- **EXERCISE**
The material below has pictures in it. Set down only the lines from the line containing "湿疣病怎么引起的,湿疣病是怎么得的" through the line containing "MASIL شامبو ماسيل", word for word, and leave the pictures behind.

- **PROVIDED DATA**

• • • • •

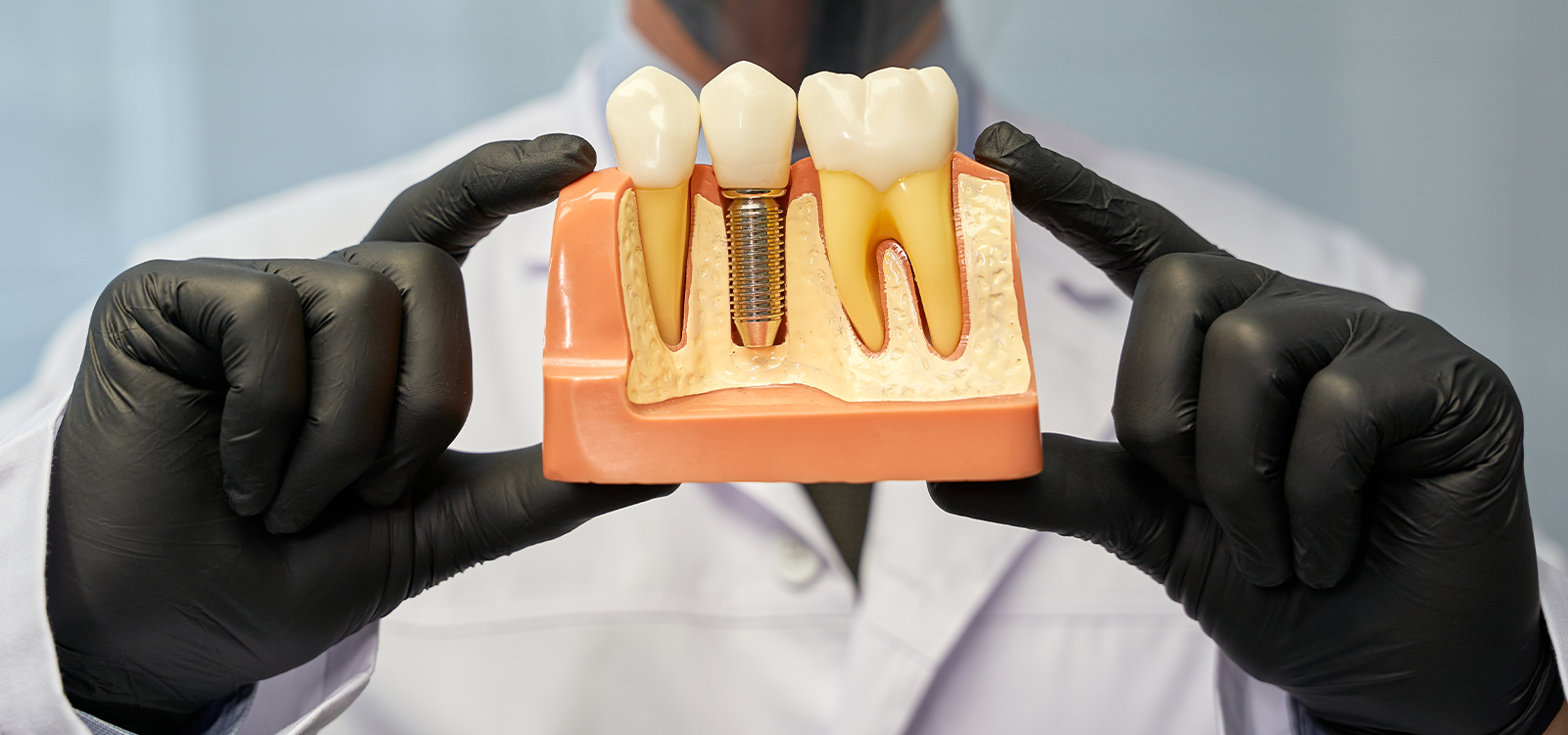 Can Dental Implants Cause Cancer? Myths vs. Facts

• • • • •

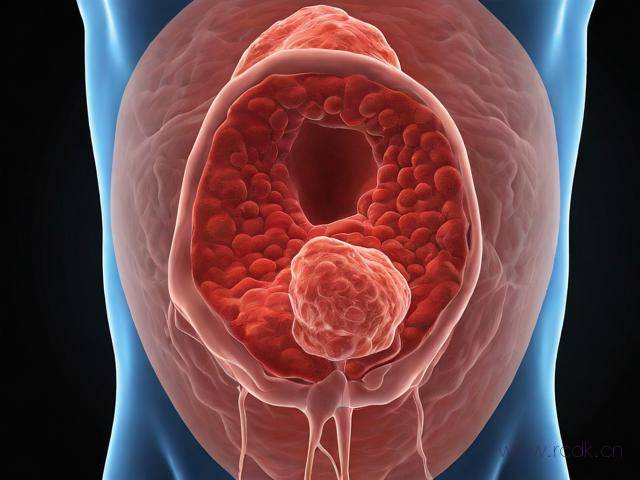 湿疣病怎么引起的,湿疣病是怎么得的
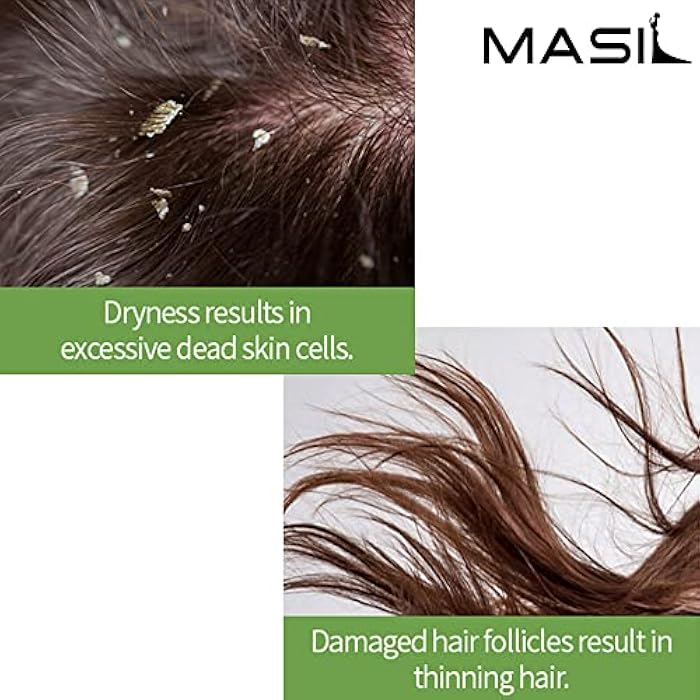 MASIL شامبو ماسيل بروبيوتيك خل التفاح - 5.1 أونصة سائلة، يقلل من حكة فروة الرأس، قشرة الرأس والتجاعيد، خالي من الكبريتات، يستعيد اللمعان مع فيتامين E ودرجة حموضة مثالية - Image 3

• • • • •

- **ANSWER BELOW**
 湿疣病怎么引起的,湿疣病是怎么得的
 MASIL شامبو ماسيل بروبيوتيك خل التفاح - 5.1 أونصة سائلة، يقلل من حكة فروة الرأس، قشرة الرأس والتجاعيد، خالي من الكبريتات، يستعيد اللمعان مع فيتامين E ودرجة حموضة مثالية - Image 3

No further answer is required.